No se trata de validar la insumisión sin más, porque no todo vale. Pero tampoco cabe consagrar la obediencia debida bajo cualesquiera circunstancias. Uno de los ejemplos más clamorosos lo tenemos en Adolf Eichmann, al rehuir su neta responsabilidad en la logística del Holocausto pretextando cumplir con las órdenes recibidas, dando pie a lo que Arendt denominó la banalización del mal. Sin embargo, en muy otra proporción e intensidad asistimos cotidianamente al expediente de refugiarse tras ese mismo recurso. Las alegaciones y argumentos mejor fundados acaban estrellándose contra el impenetrable muro kafkiano de unos protocolos que deben revisarse periódicamente, además de verse constantemente supervisados, justamente para evitar que su aplicación automática desatienda buenas razones de índole moral.
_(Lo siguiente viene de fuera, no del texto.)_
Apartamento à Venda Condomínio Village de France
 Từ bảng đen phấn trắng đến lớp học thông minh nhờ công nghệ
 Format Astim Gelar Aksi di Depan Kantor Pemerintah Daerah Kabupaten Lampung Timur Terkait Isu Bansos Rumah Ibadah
Planteamientos que parecen fuera de lugar acaban asumiéndose gracias al empeño y la constancia de ciertos discrepantes bien dispuestos a bregar con las consecuencias. Es lo que Muguerza llamó el imperativo de la disidencia. Siempre cabe no secundar cuanto sea considerado como algo injusto por nuestra conciencia moral, aunque suponga hacerle un feo al (micro)poder de turno y arriesgarse a ser sancionado por ello. Al margen de su ámbito, las comisiones de ética tienen encomendada una misión muy ardua, si quieren hacer honor a su nombre y no se limitan a cotejar epígrafes del manual de instrucciones. No pueden ponerse de perfil e invocar una normativa genérica, porque cada caso es un mundo y a la ética le corresponde aplicar lo genérico al caso particular. De lo contrario, su papel sería idéntico al de una magistratura jurídica y no se justificaría su existencia, porque sus integrantes podrían verse sustituidos por aplicaciones informáticas y algoritmos pre-preprogramados.
Los conflictos éticos nunca son fáciles y requieren de lo que Victoria Camps llamó hace mucho tiempo imaginación ética. Ni siquiera Kant, cuyo tricentenario celebramos, entendía que hubiese un imperativo categórico ajeno a nuestro discernimiento. Le corresponde al juicio reflexionante declinar las distintas formulaciones del deber ético y aplicarlas en cada caso particular, valiendo eso si para cualquiera en cualquier circunstancia, es decir, con pretensiones de valide universal. El órgano colegiado que constituye una comisión ética requiere verse compuesto por gente muy acreditada y con criterio propio. Echar balones fuera desvirtuaría su naturaleza, sobre todo en unos tiempos que tanto precisan de una ética genuina y no del simulacro que pretende suplantarla con sucedáneos de tres al cuarto para rentabilizar su prestigio.